Estas penalidades corresponden a lo establecido en la normativa vigente para el cuidado del espacio público y la gestión adecuada de residuos urbanos.
Objetivo de la norma y cuestionamientos
Desde el Ejecutivo porteño señalaron que el propósito de esta medida es desincentivar que personas revuelvan residuos en los contenedores, lo que muchas veces deriva en mugre acumulada, malos olores y dispersión de basura en veredas y calles.

Esta acción se enmarca en una serie de políticas orientadas a fortalecer la limpieza de los entornos urbanos, promoviendo el correcto uso de los contenedores verdes y negros, y apuntando a mejorar la convivencia ciudadana en materia ambiental.
Sin embargo, generalmente las personas que revisan los contenedores están buscando restos de alimentos para comer o artículos para revender porque justamente no tienen un sustento económico, por lo que parece improbable que puedan ser obligados a pagar una multa pecuniaria o se vieran presumiblemente afectados por la amenaza de sanción.

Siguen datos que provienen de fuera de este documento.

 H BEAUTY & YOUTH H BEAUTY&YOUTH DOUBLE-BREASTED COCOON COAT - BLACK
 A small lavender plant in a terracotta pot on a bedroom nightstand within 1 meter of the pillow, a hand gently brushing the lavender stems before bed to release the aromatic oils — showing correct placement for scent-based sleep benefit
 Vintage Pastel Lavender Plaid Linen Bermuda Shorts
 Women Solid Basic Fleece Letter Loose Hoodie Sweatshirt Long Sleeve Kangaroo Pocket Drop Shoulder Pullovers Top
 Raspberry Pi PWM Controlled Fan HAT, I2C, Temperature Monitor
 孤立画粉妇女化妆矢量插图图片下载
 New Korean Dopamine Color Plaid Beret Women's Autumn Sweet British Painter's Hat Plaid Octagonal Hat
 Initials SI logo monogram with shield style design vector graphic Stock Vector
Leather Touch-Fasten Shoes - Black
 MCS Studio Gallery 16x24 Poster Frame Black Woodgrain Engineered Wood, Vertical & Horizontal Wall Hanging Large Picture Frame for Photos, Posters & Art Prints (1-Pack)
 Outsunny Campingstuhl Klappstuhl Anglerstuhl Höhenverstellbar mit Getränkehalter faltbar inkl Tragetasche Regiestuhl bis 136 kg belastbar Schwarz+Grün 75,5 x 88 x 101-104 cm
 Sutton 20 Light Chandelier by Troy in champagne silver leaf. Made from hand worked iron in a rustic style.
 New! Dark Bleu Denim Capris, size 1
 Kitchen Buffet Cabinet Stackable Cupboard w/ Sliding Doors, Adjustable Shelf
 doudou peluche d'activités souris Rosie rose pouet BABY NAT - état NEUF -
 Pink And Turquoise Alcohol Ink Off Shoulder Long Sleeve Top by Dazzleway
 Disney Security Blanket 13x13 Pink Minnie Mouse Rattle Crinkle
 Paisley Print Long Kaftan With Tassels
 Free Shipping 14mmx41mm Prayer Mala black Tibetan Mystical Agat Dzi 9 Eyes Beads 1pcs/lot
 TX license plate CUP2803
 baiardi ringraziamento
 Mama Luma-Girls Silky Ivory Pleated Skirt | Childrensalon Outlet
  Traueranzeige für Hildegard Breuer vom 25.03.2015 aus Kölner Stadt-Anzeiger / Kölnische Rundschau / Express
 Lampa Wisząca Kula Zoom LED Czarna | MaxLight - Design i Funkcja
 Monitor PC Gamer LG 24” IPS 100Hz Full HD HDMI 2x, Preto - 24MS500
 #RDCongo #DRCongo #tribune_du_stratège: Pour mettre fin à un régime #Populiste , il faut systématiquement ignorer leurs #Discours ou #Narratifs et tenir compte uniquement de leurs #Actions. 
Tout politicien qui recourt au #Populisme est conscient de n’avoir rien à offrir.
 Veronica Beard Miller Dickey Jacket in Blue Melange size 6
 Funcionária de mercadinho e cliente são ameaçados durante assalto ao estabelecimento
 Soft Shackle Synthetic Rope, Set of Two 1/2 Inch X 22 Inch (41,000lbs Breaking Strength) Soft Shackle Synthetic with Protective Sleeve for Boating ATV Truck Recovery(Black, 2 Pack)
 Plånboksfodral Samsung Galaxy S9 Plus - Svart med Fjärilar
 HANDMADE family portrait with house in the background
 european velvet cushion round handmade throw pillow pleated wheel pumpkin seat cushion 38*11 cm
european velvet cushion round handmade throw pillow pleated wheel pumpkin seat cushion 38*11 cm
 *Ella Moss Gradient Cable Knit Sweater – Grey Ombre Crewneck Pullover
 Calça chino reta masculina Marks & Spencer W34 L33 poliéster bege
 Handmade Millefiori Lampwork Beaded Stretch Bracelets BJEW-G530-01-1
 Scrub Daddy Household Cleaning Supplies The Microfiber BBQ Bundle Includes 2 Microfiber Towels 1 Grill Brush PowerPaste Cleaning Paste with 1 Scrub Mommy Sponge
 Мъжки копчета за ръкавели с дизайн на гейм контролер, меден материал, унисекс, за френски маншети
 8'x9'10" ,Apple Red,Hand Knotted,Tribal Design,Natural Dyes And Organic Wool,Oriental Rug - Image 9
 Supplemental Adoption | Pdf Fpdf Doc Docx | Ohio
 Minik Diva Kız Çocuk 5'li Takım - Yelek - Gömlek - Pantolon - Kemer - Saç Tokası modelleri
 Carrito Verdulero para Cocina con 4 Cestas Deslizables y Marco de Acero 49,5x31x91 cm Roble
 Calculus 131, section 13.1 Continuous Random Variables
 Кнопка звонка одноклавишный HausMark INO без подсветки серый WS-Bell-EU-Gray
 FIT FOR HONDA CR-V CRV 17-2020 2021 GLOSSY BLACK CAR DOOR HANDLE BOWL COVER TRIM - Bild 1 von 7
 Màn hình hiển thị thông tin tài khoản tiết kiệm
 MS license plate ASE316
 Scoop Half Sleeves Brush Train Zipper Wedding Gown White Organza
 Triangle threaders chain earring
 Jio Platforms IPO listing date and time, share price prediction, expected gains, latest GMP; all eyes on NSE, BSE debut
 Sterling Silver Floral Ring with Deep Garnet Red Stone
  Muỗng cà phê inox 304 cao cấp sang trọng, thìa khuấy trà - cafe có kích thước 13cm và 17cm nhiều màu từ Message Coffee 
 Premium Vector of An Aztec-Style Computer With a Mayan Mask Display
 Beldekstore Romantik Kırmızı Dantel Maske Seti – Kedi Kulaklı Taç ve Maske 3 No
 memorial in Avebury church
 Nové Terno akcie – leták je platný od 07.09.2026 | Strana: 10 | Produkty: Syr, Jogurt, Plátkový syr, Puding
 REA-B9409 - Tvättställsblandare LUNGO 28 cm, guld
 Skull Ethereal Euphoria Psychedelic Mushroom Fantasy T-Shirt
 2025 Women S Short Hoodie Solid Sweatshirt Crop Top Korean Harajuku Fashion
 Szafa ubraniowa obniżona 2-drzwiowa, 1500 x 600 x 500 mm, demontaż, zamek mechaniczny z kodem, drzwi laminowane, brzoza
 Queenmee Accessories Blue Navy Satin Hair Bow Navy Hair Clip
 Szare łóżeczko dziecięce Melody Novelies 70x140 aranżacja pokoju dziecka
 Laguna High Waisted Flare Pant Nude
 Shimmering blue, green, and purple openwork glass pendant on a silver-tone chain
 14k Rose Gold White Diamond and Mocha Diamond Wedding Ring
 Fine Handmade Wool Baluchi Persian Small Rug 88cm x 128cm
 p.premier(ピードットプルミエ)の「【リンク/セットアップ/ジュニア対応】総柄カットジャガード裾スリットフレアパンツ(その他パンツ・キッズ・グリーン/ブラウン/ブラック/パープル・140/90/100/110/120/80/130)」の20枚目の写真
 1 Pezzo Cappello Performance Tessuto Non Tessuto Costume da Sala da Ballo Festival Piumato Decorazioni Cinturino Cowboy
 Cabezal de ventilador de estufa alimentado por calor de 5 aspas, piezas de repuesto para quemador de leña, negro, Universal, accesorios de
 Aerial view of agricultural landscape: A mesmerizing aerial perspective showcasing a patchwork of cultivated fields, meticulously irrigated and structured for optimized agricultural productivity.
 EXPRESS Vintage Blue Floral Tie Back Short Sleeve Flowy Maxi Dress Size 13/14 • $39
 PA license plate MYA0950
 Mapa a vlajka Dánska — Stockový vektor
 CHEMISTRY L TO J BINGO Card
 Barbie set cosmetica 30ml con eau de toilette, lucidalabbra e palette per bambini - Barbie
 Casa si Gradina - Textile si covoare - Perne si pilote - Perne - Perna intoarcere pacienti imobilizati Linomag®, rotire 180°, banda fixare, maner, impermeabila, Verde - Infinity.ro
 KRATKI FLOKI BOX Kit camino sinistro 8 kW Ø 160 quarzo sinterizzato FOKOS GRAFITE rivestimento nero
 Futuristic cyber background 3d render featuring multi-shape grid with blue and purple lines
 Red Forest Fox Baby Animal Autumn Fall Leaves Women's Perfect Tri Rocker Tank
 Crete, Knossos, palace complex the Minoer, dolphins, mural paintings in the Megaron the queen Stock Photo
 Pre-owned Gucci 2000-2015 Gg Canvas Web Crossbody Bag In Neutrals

Los números y los problemas con los contenedores
En el primer semestre del año se registraron 25.546 casos de vandalismo sobre estos dispositivos, lo que equivale a un promedio de más de 4.200 incidentes por mes. Los daños se detectaron mediante el patrullaje de verificadores y los reportes realizados por vecinos.
En la mayoría de los casos, según informaron, los contenedores pudieron ser reparados con el reemplazo de piezas como tapas, pedales o tensores. No obstante, algunos resultaron completamente inutilizables y debieron ser retirados.
Por eso, el Ejecutivo porteño completó la instalación de 7000 contenedores antivandálicos. Estos nuevos modelos incorporan un sistema tipo “buzón” con tapa de resorte, que permite depositar las bolsas pero impide su extracción.